India is among the list of countries where government surveillance has become a major concern from a data privacy perspective, American market research and advisory company Forrester Researcher said in a report.
According to the 2019 Forrester Global Map of Privacy Rights and Regulations: “Regulations that allow governments to access personal data of citizens are still undermining the overall privacy protections that certain countries offer their citizens.”
India has been named as a country with minimal restrictions in terms of data privacy and protection where government surveillance is a matter of caution alongside countries with high-level of government surveillance, such as China.
“It (government surveillance) is a worldwide phenomenon that cuts across geographies, economic development, societal well-being, and institutional design, with alarming levels of government surveillance in countries such as Austria, Colombia, India, Kuwait and the UK,” the report said.

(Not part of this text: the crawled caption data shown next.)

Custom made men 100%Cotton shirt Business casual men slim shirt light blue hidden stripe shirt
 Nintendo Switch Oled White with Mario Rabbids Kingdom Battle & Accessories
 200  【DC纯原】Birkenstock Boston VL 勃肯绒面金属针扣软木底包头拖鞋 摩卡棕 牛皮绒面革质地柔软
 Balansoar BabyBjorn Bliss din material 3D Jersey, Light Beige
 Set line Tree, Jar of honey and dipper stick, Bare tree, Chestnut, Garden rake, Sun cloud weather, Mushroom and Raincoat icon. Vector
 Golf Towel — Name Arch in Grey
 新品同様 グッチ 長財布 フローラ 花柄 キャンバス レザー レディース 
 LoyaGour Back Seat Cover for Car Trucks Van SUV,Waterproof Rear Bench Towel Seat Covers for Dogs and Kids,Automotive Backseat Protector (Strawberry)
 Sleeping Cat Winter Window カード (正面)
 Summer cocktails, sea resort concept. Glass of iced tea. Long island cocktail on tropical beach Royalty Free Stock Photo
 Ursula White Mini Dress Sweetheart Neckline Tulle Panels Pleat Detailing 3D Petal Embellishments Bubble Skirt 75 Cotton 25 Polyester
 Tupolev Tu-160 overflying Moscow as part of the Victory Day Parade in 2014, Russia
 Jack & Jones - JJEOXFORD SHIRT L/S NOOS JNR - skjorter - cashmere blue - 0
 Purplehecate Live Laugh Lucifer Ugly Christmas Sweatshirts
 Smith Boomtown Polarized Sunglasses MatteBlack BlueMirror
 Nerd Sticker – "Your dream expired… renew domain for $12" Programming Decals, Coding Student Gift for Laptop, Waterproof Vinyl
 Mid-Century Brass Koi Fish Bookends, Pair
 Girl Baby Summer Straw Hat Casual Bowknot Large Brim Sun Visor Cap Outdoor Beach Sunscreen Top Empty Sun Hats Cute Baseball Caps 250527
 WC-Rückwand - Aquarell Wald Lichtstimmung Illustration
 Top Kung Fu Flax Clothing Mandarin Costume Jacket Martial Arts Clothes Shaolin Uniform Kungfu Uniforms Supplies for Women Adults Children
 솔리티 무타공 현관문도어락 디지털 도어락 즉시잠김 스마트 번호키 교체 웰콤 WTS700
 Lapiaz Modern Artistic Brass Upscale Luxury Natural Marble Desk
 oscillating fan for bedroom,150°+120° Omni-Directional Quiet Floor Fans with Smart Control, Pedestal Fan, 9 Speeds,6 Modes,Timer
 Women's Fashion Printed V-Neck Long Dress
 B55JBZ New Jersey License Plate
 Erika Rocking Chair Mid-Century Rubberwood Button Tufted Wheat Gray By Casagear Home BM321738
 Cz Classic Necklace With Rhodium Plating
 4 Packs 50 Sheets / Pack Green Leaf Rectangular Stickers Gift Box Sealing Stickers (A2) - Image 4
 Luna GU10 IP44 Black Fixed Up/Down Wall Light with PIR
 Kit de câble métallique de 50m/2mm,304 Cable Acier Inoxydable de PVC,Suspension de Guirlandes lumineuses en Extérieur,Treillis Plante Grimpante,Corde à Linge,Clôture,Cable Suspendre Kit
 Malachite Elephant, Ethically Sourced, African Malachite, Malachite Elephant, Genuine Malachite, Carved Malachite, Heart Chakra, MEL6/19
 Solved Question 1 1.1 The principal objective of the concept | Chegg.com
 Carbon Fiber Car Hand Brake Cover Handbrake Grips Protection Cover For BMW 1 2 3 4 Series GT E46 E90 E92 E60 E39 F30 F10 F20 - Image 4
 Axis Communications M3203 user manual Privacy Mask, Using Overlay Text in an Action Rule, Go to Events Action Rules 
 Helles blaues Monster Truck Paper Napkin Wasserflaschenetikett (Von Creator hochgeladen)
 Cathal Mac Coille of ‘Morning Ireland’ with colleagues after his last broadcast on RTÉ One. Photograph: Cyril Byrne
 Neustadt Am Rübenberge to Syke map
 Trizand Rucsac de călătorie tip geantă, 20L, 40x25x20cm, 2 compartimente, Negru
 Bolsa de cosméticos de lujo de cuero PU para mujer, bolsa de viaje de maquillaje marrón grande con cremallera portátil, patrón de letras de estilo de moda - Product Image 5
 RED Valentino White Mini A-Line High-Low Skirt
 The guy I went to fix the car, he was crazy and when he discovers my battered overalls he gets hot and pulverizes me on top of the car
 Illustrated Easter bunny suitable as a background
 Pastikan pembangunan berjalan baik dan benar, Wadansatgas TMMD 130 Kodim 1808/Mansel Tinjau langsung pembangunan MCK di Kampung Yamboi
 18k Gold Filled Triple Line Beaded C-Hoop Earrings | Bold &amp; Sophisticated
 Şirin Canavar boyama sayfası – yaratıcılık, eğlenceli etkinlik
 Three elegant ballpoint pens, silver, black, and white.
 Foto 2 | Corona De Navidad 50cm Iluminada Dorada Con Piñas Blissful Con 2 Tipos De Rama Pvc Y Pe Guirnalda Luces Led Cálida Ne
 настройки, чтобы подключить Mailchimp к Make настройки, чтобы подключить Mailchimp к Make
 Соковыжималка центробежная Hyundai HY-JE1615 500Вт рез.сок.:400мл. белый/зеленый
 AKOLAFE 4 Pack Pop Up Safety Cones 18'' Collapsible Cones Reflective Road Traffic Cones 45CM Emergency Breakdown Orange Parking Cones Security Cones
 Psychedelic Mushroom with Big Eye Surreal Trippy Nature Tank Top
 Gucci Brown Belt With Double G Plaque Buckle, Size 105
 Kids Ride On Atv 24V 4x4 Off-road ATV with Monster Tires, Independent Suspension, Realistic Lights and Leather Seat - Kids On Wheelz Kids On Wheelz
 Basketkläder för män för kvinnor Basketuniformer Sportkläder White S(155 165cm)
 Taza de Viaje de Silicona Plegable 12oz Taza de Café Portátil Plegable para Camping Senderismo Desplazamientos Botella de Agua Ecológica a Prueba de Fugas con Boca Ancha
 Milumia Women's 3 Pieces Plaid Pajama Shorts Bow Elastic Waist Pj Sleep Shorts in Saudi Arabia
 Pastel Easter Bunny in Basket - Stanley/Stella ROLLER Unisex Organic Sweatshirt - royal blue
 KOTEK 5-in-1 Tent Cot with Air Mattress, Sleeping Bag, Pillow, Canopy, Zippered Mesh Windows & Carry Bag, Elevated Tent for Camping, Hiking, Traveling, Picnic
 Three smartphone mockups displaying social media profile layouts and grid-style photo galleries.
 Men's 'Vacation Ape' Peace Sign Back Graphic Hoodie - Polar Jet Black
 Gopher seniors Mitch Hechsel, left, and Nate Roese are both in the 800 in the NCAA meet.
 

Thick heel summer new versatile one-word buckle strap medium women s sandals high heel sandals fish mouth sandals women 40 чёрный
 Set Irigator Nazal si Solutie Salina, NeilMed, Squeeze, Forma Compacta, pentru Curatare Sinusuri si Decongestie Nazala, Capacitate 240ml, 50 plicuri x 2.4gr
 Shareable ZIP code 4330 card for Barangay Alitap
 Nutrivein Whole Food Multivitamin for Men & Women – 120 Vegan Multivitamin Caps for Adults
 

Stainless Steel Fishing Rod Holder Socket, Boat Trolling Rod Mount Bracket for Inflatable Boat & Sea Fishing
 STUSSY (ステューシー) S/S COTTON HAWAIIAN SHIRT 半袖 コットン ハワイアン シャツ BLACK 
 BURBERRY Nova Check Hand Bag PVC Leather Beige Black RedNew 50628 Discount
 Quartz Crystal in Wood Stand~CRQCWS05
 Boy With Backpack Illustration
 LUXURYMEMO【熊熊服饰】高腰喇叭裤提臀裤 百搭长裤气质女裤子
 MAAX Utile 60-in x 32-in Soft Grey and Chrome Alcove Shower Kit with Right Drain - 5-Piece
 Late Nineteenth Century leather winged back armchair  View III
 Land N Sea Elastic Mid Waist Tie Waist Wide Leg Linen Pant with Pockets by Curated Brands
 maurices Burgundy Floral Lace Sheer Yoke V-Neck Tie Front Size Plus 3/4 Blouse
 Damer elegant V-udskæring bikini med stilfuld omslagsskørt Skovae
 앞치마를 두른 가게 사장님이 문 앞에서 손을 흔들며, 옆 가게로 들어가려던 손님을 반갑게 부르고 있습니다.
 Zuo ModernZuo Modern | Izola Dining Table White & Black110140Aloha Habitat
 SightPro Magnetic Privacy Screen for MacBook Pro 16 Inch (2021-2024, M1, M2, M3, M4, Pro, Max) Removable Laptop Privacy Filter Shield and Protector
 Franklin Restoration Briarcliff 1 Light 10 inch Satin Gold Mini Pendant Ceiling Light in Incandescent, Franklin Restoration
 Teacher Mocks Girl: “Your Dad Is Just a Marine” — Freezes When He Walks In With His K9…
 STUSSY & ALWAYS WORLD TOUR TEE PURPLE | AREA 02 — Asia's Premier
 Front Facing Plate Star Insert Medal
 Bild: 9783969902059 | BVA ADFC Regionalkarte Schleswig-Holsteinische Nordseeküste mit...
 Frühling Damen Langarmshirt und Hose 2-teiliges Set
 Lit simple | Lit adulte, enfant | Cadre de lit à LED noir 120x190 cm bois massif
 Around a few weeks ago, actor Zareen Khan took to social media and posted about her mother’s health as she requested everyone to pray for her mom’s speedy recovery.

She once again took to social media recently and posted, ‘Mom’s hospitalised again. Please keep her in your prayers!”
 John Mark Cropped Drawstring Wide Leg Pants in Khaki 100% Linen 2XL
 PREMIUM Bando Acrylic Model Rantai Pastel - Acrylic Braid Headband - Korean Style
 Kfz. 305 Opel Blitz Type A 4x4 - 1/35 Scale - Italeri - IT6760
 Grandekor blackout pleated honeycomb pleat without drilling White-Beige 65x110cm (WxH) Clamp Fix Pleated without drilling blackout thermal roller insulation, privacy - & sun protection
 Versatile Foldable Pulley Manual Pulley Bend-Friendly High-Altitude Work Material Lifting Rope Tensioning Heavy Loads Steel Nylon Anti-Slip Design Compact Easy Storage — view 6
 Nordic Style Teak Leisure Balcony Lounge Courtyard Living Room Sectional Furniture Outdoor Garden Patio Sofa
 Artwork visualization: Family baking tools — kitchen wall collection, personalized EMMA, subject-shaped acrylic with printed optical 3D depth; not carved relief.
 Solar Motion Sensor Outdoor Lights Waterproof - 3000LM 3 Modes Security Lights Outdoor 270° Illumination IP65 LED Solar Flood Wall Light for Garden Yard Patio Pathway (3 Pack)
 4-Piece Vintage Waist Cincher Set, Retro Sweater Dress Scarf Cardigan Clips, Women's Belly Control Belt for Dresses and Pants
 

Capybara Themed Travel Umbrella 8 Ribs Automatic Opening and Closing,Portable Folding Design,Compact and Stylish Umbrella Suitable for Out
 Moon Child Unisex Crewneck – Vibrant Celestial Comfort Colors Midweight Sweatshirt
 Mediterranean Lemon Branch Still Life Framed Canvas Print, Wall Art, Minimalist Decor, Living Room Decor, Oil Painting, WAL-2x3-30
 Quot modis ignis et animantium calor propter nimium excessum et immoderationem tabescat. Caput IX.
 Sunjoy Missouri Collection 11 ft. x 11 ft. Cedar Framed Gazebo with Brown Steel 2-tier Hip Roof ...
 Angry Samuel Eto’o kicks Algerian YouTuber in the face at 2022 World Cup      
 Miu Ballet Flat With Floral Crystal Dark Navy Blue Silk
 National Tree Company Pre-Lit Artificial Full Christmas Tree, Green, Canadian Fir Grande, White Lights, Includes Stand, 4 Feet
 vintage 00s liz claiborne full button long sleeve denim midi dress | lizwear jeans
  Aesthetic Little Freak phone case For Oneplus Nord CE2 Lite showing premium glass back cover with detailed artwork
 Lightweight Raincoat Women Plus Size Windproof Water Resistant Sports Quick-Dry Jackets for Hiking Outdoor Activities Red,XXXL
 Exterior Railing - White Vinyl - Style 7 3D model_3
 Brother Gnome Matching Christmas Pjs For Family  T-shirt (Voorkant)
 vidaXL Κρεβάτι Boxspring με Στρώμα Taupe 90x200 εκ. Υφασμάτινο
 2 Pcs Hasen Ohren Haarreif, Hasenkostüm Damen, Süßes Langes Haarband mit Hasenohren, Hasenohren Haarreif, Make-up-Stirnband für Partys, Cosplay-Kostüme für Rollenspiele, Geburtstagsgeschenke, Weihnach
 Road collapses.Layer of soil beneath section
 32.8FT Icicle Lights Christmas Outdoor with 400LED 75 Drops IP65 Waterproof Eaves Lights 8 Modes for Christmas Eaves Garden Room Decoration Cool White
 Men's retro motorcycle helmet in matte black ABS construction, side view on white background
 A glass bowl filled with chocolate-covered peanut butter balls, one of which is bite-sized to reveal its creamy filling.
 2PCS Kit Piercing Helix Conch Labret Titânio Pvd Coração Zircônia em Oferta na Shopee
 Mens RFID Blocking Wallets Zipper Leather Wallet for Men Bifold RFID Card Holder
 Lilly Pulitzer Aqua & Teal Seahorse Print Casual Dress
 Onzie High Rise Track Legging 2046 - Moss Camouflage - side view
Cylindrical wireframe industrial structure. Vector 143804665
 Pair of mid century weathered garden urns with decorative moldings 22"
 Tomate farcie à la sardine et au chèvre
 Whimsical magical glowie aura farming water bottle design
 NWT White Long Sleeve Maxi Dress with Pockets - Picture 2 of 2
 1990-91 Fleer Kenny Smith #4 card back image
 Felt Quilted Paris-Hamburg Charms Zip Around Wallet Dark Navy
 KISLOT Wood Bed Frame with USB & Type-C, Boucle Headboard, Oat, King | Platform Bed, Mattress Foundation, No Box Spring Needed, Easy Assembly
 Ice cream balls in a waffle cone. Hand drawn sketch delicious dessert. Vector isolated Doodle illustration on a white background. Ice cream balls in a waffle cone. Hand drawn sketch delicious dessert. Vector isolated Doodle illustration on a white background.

Lack of constitutional provisions that enable monitoring of government activity could be one of the primary reasons for the high level of government surveillance in India, industry experts say.
“While the ‘right to privacy’ is constitutionally recognised, there are very few laws and regulations in India which govern government surveillance,” Amber Sinha, Senior Program Manager at the Center for Internet and Society and a data privacy expert, told BusinessLine .
“As a result, there is very little legislative oversight and there is little judicial decision-making around surveillance. So that is one of the reasons why the report would have flagged it as such. So what is needed sorely are some laws around surveillance reform in India,” Sinha added.
The surveillance practices may prove to be pervasive and not in line with the enforced data privacy laws, thus affecting data security of citizens.
‘“Suspicion of surveillance may also negatively impact business operations and thus profitability,” the report added.
“The Personal Data Protection Bill has a couple of provisions that deal with the issue of government surveillance. But a lot of regulations and procedures need to be built into it on how these procedures are to be followed.”